At first glance, there are reasons to suggest they are: the emergence of Iranian President Hassan Rohani, his promise of engaging in bilateral talks with the United States, the nuclear agreement between Iran and the P5+1 and the menacing rise of the Islamic State (ISIS) have led some in the West to hope for a new alignment of strategic interests between Washington and Tehran.
Rohani, however, commands little influence over the Islamic Republic’s regional policies. The Islamic Revolutionary Guards Corps (IRGC) owns this portfolio.
The public statements of IRGC commanders and the activities of the corps in Syria make it clear that, beyond a fleeting tactical convergence of interests, Tehran is pursuing goals that are the exact opposite of those of the Obama administration.
IRGC commander Major-General Mohammad Ali Jafari and Major- General Qassem Soleimani, head of the expeditionary Quds Force, have repeatedly expressed their support for Syrian President Bashar Assad and his regime, with Soleimani promising to stick with Assad “to the very end”.
Brigadier-General Hossein Hamadani, the field commander of the Iranian forces in Syria who was killed October 7th in the suburbs of Aleppo, not only praised Assad as “more obedient to the leader of the revolution, Ayatollah Ali Khamenei, than some of our statesmen”, he also recalled the supreme leader stressing the importance of the “strategic depth” Syria provides for Iran.
With the aim of securing the survival of the Assad regime, the IRGC is deploying troops and non-Iranian Shia militias in Syria. According to open source data, 210 Iranians, 179 Afghans and 33 Pakistanis — all Shias, with the exception of two Iranian Sunnis — were killed in combat in Syria between January 2012 and December 5, 2015.
While there is no reliable information about the scale of Iraqi Shia combat fatalities in Syria, Lebanese Hezbollah is believed to have lost 1,000-1,500 fighters in Syria in the same period.
As surviving militiamen return to their home countries, there is a very real risk of the spread or rekindling of sectarian conflicts in those nations, which is the opposite of Kerry’s expressed aim of preventing further spread of the war.
Sharing ISIS as an enemy is not likely to bring Washington and Tehran closer to each other.
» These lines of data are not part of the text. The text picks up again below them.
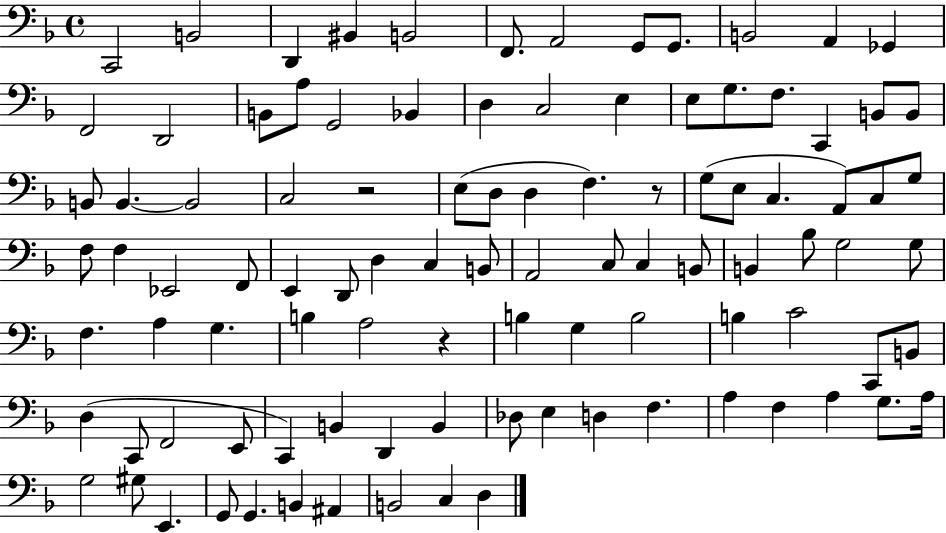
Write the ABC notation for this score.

X:1
T:Untitled
M:4/4
L:1/4
K:F
C,,2 B,,2 D,, ^B,, B,,2 F,,/2 A,,2 G,,/2 G,,/2 B,,2 A,, _G,, F,,2 D,,2 B,,/2 A,/2 G,,2 _B,, D, C,2 E, E,/2 G,/2 F,/2 C,, B,,/2 B,,/2 B,,/2 B,, B,,2 C,2 z2 E,/2 D,/2 D, F, z/2 G,/2 E,/2 C, A,,/2 C,/2 G,/2 F,/2 F, _E,,2 F,,/2 E,, D,,/2 D, C, B,,/2 A,,2 C,/2 C, B,,/2 B,, _B,/2 G,2 G,/2 F, A, G, B, A,2 z B, G, B,2 B, C2 C,,/2 B,,/2 D, C,,/2 F,,2 E,,/2 C,, B,, D,, B,, _D,/2 E, D, F, A, F, A, G,/2 A,/4 G,2 ^G,/2 E,, G,,/2 G,, B,, ^A,, B,,2 C, D,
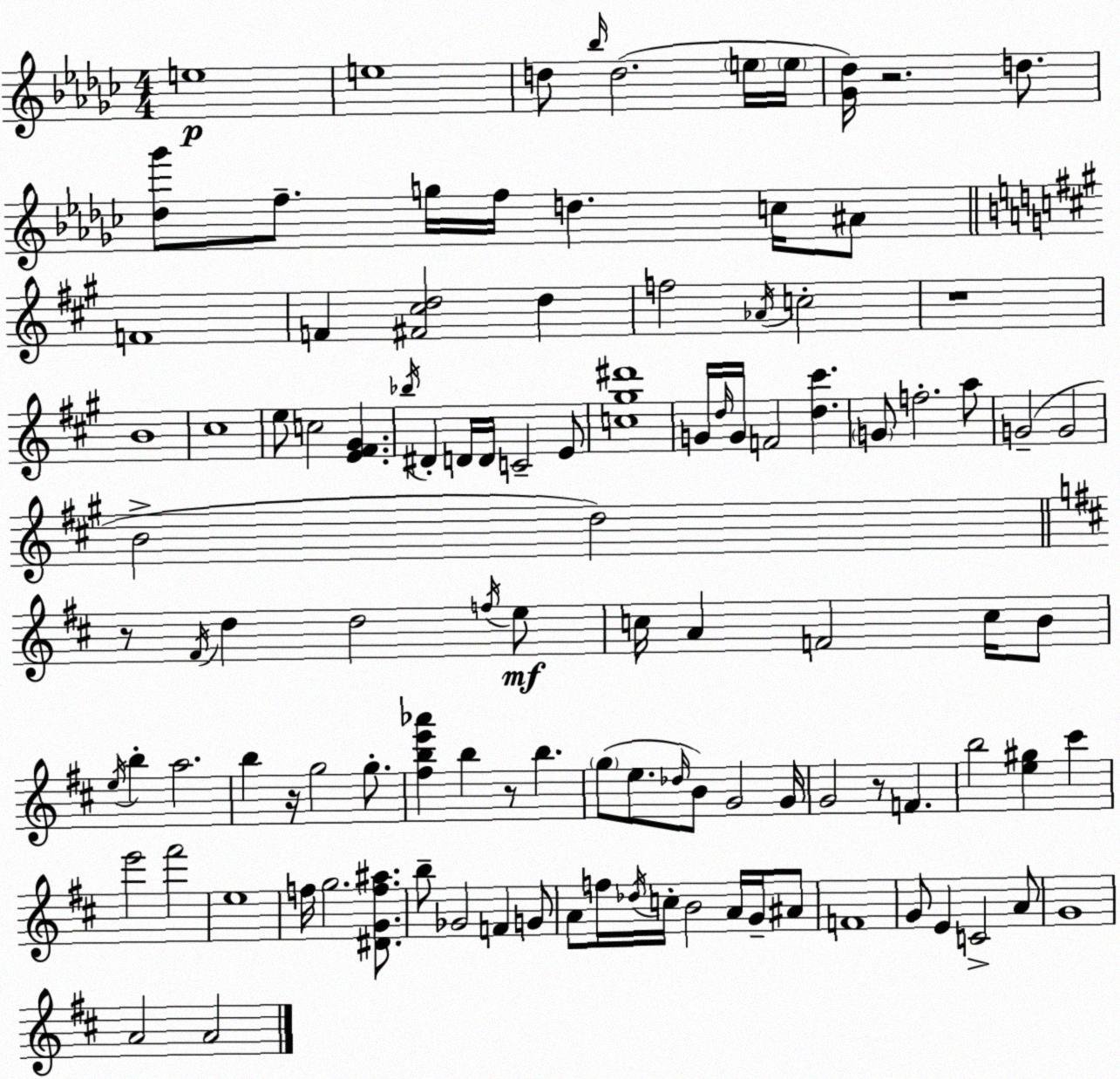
X:1
T:Untitled
M:4/4
L:1/4
K:Ebm
e4 e4 d/2 _b/4 d2 e/4 e/4 [_G_d]/4 z2 d/2 [_d_g']/2 f/2 g/4 f/4 d c/4 ^A/2 F4 F [^F^cd]2 d f2 _A/4 c2 z4 B4 ^c4 e/2 c2 [E^F^G] _b/4 ^D D/4 D/4 C2 E/2 [c^g^d']4 G/4 d/4 G/4 F2 [d^c'] G/2 f2 a/2 G2 G2 B2 d2 z/2 ^F/4 d d2 f/4 e/2 c/4 A F2 c/4 B/2 e/4 b a2 b z/4 g2 g/2 [^fbe'_a'] b z/2 b g/2 e/2 _d/4 B/2 G2 G/4 G2 z/2 F b2 [e^g] ^c' e'2 ^f'2 e4 f/4 g2 [^DGf^a]/2 b/2 _G2 F G/2 A/2 f/4 _d/4 c/4 B2 A/4 G/4 ^A/2 F4 G/2 E C2 A/2 G4 A2 A2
As a means of keeping Assad in power, Tehran is concentrating its military resources against Syrian rebel forces threatening the Damascus regime, including the secular opposition, which might offer an acceptable alternative to Assad.
In the meantime, Tehran makes little military effort against ISIS, which the Islamic Republic considers an alternative worse than Assad. In this regard, too, Kerry looks in vain for support from Tehran.
Not even Kerry’s desire to bring an end to the war in Syria is likely to resonate with the IRGC leadership because continued war in Syria, the Middle East refugee crisis and the increased threat of terrorism from Beirut to Paris only increase Tehran’s leverage.
Once the Assad regime’s survival is secure, the IRGC benefits from a permanent low-intensity crisis in Syria, which not only legitimises its military presence there but also makes Tehran a desirable negotiating partner for the United States and European powers desperate to end the slaughter in Syria.
In his Brookings address, Kerry emphasised the difficulties of achieving US goals in Syria but, by looking to Tehran for support, he may end up making those aims even less achievable.